Task brief: Every line from the one with "Final 11.14 average (10.08 3rd place fail)" to the one with "MAZDA CX5 eSky", including those two, is to be copied exactly; all other lines of the entries below are left out.

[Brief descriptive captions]
********************
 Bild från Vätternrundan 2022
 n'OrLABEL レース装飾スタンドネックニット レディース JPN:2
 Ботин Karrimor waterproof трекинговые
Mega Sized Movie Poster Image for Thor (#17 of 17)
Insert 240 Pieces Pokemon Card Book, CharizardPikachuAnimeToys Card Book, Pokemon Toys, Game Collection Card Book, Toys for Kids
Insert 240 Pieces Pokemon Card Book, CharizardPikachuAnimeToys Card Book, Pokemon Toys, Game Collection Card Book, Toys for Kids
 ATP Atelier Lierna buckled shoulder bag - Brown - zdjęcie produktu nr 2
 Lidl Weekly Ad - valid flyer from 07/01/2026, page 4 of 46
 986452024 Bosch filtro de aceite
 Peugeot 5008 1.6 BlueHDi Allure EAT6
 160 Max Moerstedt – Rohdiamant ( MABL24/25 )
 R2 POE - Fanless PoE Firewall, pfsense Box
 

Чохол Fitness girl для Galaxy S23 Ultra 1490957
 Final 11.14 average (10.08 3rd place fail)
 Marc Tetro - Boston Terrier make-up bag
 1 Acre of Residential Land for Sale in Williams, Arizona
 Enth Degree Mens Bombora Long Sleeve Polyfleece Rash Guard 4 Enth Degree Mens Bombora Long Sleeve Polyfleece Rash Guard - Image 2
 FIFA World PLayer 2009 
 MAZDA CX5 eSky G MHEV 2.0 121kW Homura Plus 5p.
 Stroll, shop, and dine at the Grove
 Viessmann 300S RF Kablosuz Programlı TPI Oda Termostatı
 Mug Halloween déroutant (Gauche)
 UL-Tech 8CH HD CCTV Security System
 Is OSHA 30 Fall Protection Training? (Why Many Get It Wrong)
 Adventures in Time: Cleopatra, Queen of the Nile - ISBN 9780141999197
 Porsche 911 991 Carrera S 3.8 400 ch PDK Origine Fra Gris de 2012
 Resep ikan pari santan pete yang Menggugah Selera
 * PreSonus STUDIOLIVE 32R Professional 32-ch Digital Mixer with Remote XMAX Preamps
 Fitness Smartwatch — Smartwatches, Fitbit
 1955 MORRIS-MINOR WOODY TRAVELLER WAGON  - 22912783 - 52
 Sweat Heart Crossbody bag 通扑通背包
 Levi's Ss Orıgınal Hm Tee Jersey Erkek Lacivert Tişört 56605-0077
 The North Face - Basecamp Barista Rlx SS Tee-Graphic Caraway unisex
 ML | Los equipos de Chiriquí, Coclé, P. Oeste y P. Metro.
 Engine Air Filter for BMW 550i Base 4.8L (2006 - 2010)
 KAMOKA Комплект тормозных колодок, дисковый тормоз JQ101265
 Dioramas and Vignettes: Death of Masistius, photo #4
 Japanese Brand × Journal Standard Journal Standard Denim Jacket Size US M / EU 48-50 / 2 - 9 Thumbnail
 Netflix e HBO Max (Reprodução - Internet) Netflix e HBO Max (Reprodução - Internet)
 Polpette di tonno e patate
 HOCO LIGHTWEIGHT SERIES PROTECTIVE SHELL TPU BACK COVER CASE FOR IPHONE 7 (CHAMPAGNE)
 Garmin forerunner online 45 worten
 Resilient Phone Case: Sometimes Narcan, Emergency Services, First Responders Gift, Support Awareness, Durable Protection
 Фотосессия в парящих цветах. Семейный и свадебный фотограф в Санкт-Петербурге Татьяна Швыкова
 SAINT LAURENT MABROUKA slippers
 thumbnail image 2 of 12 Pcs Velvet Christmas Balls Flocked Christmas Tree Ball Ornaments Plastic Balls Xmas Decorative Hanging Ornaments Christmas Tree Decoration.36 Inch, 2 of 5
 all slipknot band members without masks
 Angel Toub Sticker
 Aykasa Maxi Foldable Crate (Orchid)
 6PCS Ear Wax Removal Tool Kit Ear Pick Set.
********************
Answer for the task:
 Final 11.14 average (10.08 3rd place fail)
 Marc Tetro - Boston Terrier make-up bag
 1 Acre of Residential Land for Sale in Williams, Arizona
 Enth Degree Mens Bombora Long Sleeve Polyfleece Rash Guard 4 Enth Degree Mens Bombora Long Sleeve Polyfleece Rash Guard - Image 2
 FIFA World PLayer 2009 
 MAZDA CX5 eSky G MHEV 2.0 121kW Homura Plus 5p.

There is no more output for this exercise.